Con l’aumentare dei core integrati in un chip, aumenta il problema della comunicazione e del loro coordinamento. Li-Shiuan Peh, Singapore Research Professor of Electrical Engineering and Computer Science al MIT ritiene che i chip multicore del futuro integreranno meccanismi che ricordano un po’ Internet con i vari core gestiti da un router e i dati che viaggiano tra i core sfruttando pacchetti di dimensioni fisse.
All’International Symposium on Computer Architecture di questa settimana, il gruppo guidato da Peh ha mostrato un chip con 36-core, il primo a vantare questa sorta di funzionalità che potremmo definire network-on-chip. Oltre ad implementare in questo alcune delle idee del gruppo, il chip risolve uno dei problemi che in precedenza avevano impedito di disegnare i networks-on-chip: la gestione della coerenza della cache di primo livello, giacché in architetture del genere il problema è la gestione dei dati che “rimbalzerebbero” da una parte all’altra in assenza di un bus che collega i vari core.
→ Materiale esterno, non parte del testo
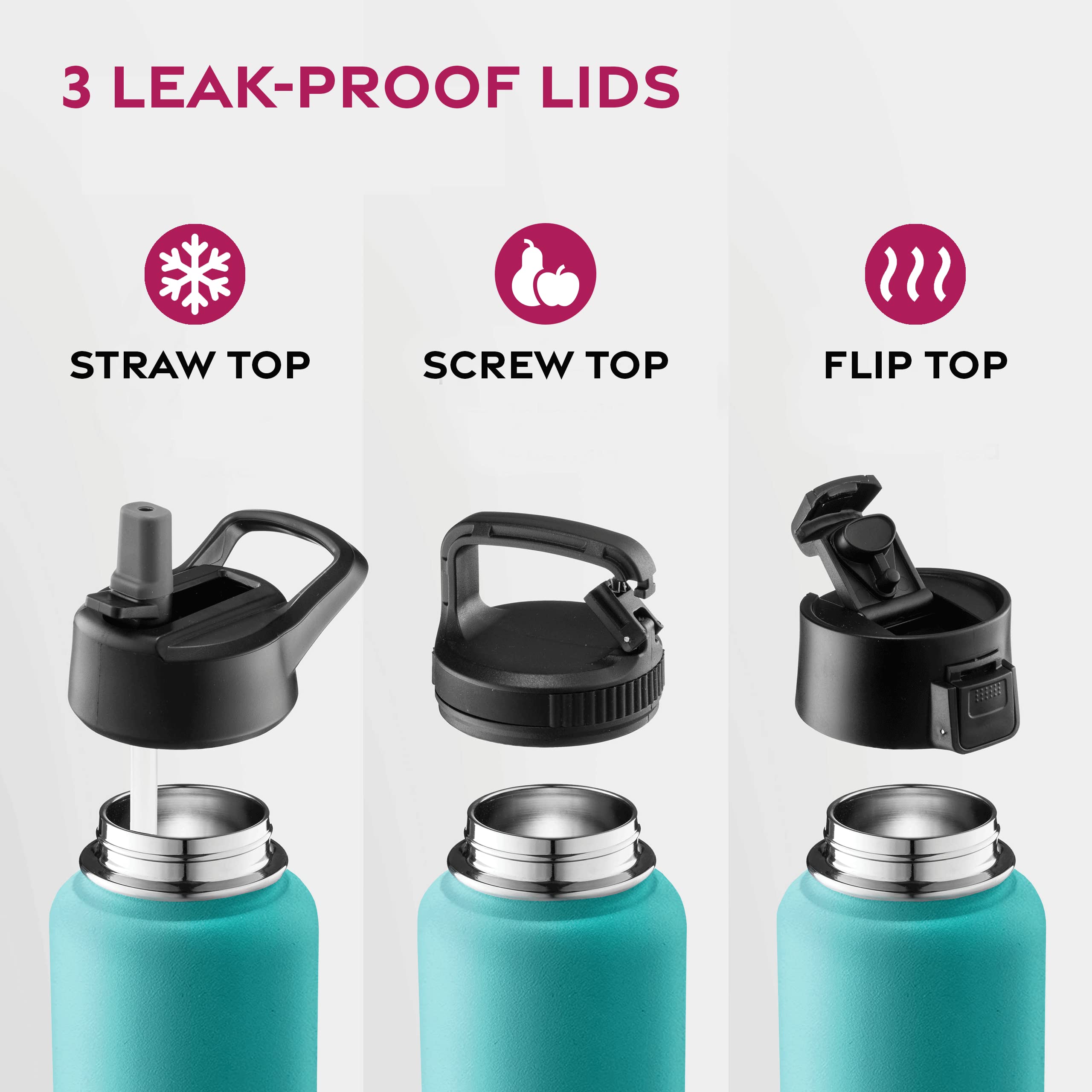 FineDine bottle mouthpiece lid detail for controlled hot-beverage drinking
Nei chip odierni, tutti i core – tipicamente da due a sei – sono connessi sfruttando un unico collegamento, denominato bus. Quando due core devono comunicare, questi devono ottenere accesso esclusivo al bus. Questo approccio crea problemi all’aumentare dei core: questi, infatti, perdono il loro tempo ad attendere che il bus si liberi, anziché passarlo a eseguire calcoli.
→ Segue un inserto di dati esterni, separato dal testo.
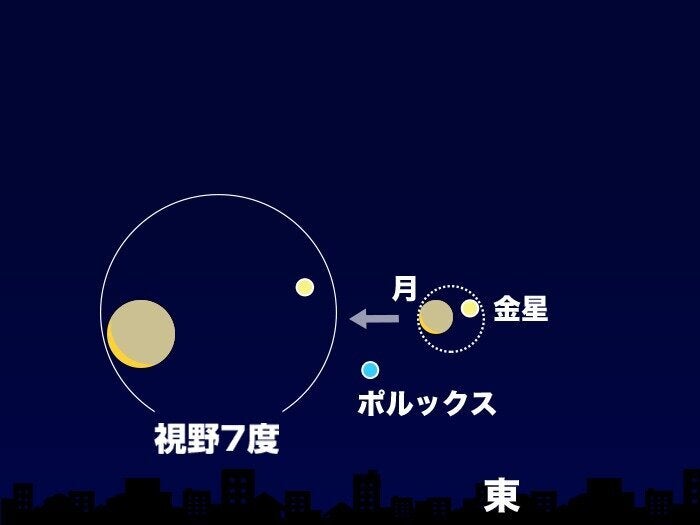 16日(日)4時1分頃 東の空(東京)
In un network-on-chip, ogni core è connesso solo a quello immediatamente adiacente, garantendo velocità nella propagazione dei dati e offrendo la possibilità di seguire percorsi alternativi in caso di indisponibilità di uno dei core (ognuno si comporta da router per il proprio vicino).
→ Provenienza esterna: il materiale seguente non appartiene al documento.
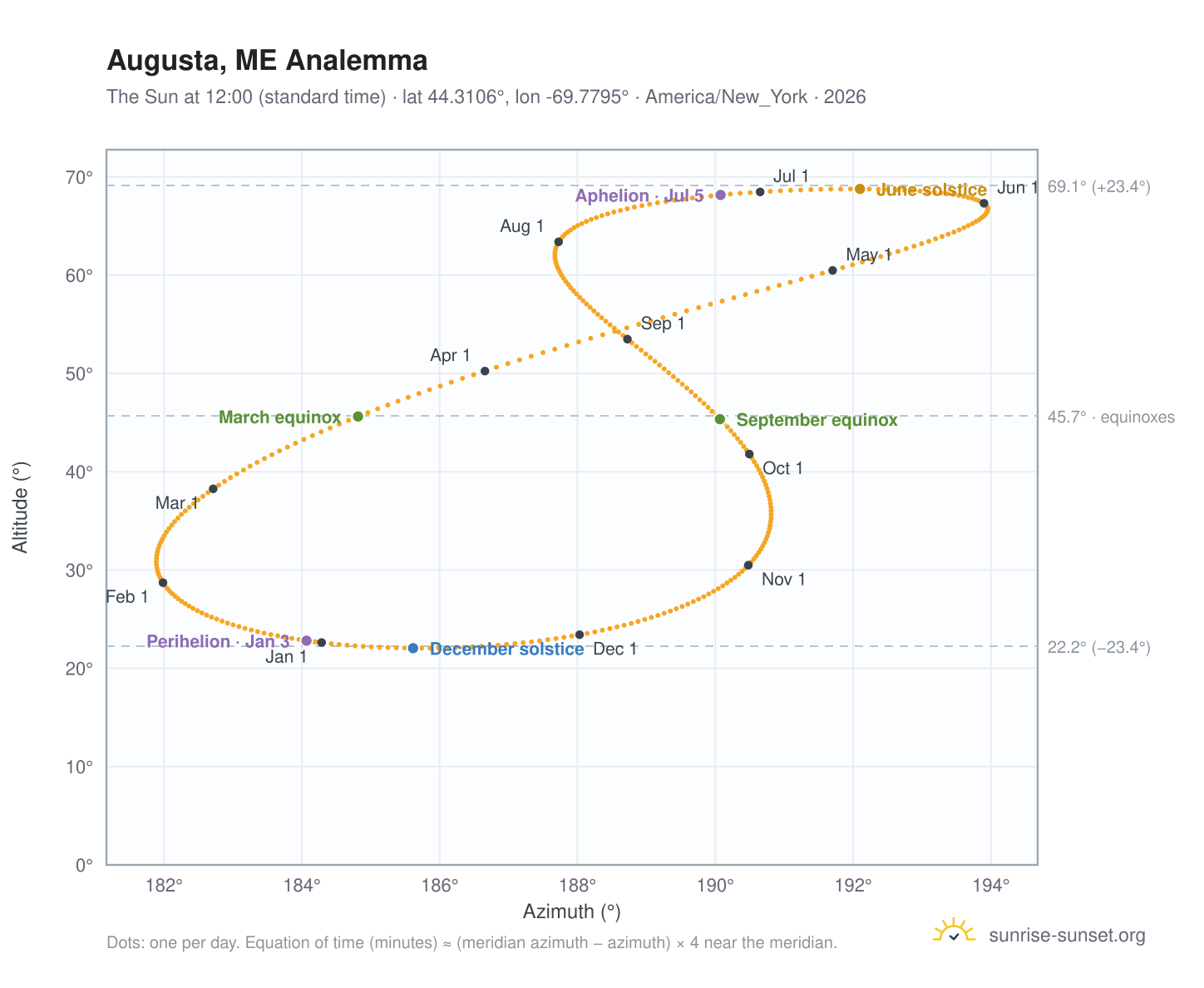 Augusta, ME analemma chart: the Sun at 12:00 (standard time) through the year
Una sorta di seconda rete coadiuva quella formata dai core, il cui unico fine è di “dichiarare in maniera semplice” quale core ha richiesto dati nella cache, semplificando le operazioni di instradamento da parte della prima rete.
Una delle sfide per gli accademici, sarà convincere l’industria del settore circa la fattibilità delle loro idee. Dopo le fasi di testing dei prototipi, il gruppo di progettisti valuterà le prestazioni nelle applicazioni reali sfruttando una versione di Linux ottimizzata per gestire i 36 core. Todd Austin, professor of electrical engineering and computer science all’University of Michigan dice che “sarebbe sorpreso se per queste tecnologie non si trovasse un utilizzo in prodotti commerciali”.